The determine base measure operation 710 determines a base measure for a data item such as a parsed string from a web page. In one embodiment, the determine base measures matches the data item with a table of known values and aliases. In another embodiment, operation 710 matches the data item with one or more valid formats or patterns and assigns a corresponding base measure to the data item. A base measure is an initial measure of the relevancy. Low base measures may be less relevant than high base measures.
The unlikely value test 720 ascertains whether the data item is outside a range of reasonable values. If the data item is outside the range of reasonable values the method proceeds to the increase disbelief operation 725. The increase disbelief operation 725 increases the amount of disbelief that the data item is relevant to the selected topic.
The close to name test 730 ascertains whether the data item is located close to a desired name or label. If the data item is close to a desired name or label, the method proceeds to the increase belief operation 735. The increase belief operation 735 increases the <amount of belief that the data item is relevant to the selected topic.
Similar to the close to name test 730, the close to start test 740 ascertains whether the data item is located close to the start of the form or page being processed. If the data item is close to the start, the method proceeds to the increase belief operation 745. The increase belief operation 745 increases the amount of belief that the data item is relevant to the selected topic.
The special symbol test 750 ascertains whether the data item contains or is near a special symbol. If affirmative, the method proceeds to the increase belief or disbelief operation 755. The increase belief or disbelief operation 755 increases the amount of belief or disbelief depending on whether the special symbol is associated or disassociated with the topic at hand. Subsequent to operation 755 the method ends 760.

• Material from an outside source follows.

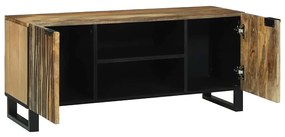 vidaXL Κονσόλα Τηλεόρασης Καφέ 160 x 30 x 30.5 εκ. Μασίφ ξύλο μάνγκο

The preceding methods are intended to exemplify in a generic manner, a variety of factors that may influence the relevance of data, forms, and web pages to a selected topic. One of skill in the art will appreciate that the depicted methods may be adapted to the needs of a particular application.
In summary, the present invention facilitates harvesting data from web sites such as retailing web sites. The present invention may be embodied in other specific forms without departing from its spirit or essential characteristics. The described embodiments are to be considered in all respects only as illustrative and not restrictive. The scope of the invention is, therefore, indicated by the appended claims rather than by the foregoing description. All changes which come within the meaning and range of equivalency of the claims are to be embraced within their scope.